Posted 5 years ago. Sep 24, 2020 - 16:59 EDT
Update
We are making progress in the recovery of customer-facing systems. Web application error rate is down, metrics data is available, although we are still catching-up on some of the delayed data. Logs data is available and timely. We are still working on re-enabling all functionality and catching-up our alerting systems.
Posted 5 years ago. Sep 24, 2020 - 16:28 EDT
Update
We are making progress in the recovery of customer-facing systems. Web application error rate is down, metrics data is available, although we are still catching-up on some of the delayed data. Logs data is available and timely. We are still working on re-enabling all functionality and catching-up our alerting systems.
Posted 5 years ago. Sep 24, 2020 - 16:26 EDT
Update
We are still working to resolve this outage. We are working to divert traffic away from the affected components and restoring our customer-facing services. Our mitigations are showing progress, but we are still observing high error rates in our web application and API, and delays in metrics processing and alerting.
Posted 5 years ago. Sep 24, 2020 - 15:36 EDT
Update
We are currently experiencing a widespread outage in our US-1 Data center, and all hands are on deck to resolve it - we are truly sorry for the inconvenience and are working towards a timely resolution. The infrastructure that allows the configuration and resolution of our services is currently severely degraded, causing a number of customer-facing services to be disrupted.
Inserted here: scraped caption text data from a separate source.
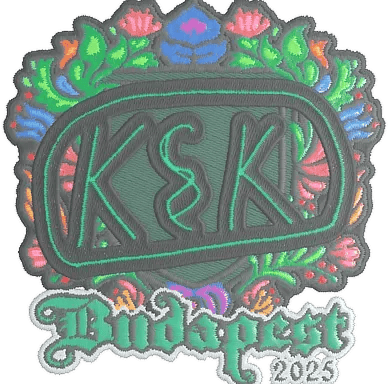 สติกเกอร์ | kyousuke (Embroidered) | Budapest 2025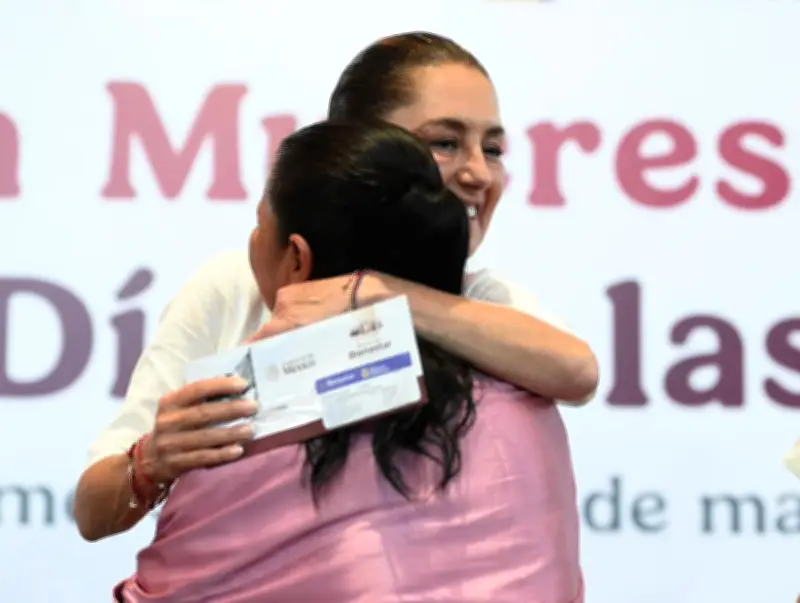 Sheinbaum: se acabó la violencia contra las mujeres en México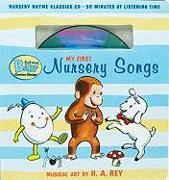 Curious Baby My First Nursery Songs (Curious George Book & CD)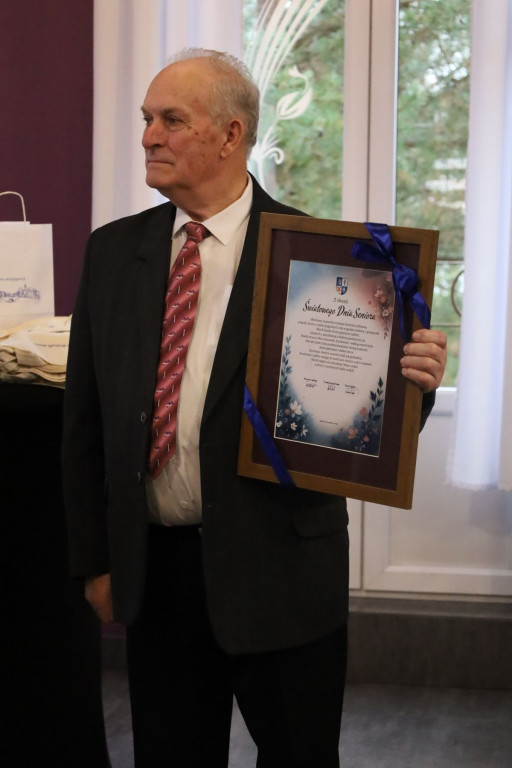 Sępólno Krajeńskie: Uroczyste spotkanie z okazji Światowego Dnia Seniora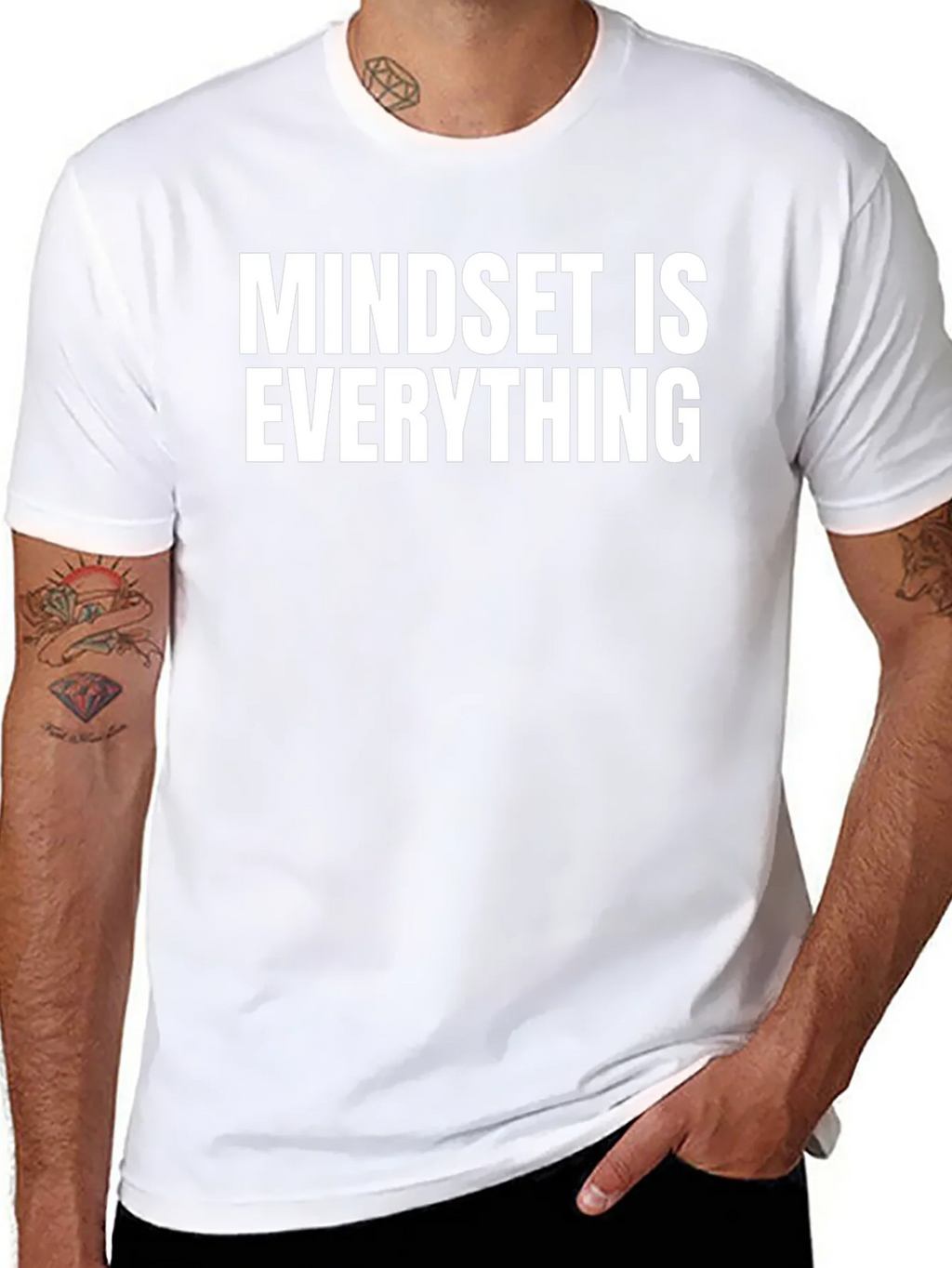 Mindset Is Everything Graphic T-Shirt product image 7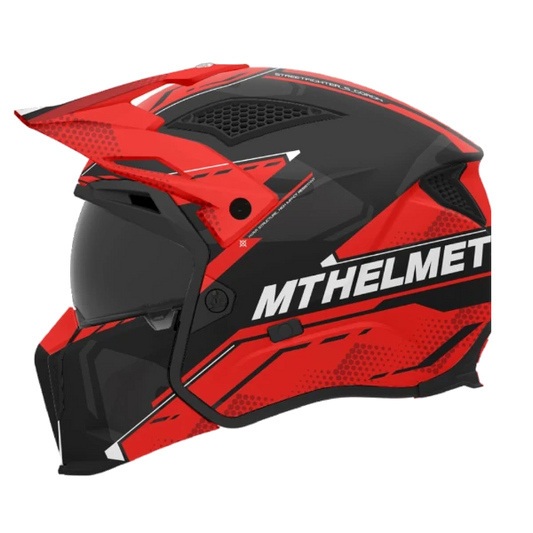 Casco Abierto Mt Streetfighter TR902B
This results in high error rates in our web application and API, delays in metrics processing and disrupts alerting.
Posted 5 years ago. Sep 24, 2020 - 14:32 EDT
Update
We are continuing to actively work to mitigate the internal infrastructure connectivity issue impacting multiple systems.
Posted 5 years ago. Sep 24, 2020 - 14:19 EDT
Update
We are continuing to actively work to mitigate the internal infrastructure connectivity issue impacting multiple systems.
Posted 5 years ago. Sep 24, 2020 - 13:16 EDT
Identified
We are actively working on an issue that affects internal infrastructure connectivity and is impacting multiple systems.
Posted 5 years ago. Sep 24, 2020 - 12:35 EDT
Update
We are continuing to investigate this issue.
Posted 5 years ago. Sep 24, 2020 - 12:31 EDT
Update
We are continuing to investigate the elevated error rate on the web application.
Posted 5 years ago. Sep 24, 2020 - 12:19 EDT
Update
We are continuing to investigate the elevated error rate on the web application.
Posted 5 years ago. Sep 24, 2020 - 11:42 EDT
Update
We are continuing to investigate this issue.
Posted 5 years ago. Sep 24, 2020 - 11:07 EDT
Update
We are continuing to investigate the elevated error rate on the web application.
Posted 5 years ago. Sep 24, 2020 - 11:06 EDT
Investigating
We are seeing an elevated error rate on the web application. We are currently investigating the issue. It's important to note that monitoring data is properly processed and that no data is lost.
Posted 5 years ago. Sep 24, 2020 - 10:27 EDT
This incident affected: APM, Metrics and Infra Monitoring, Monitors, and Web Application.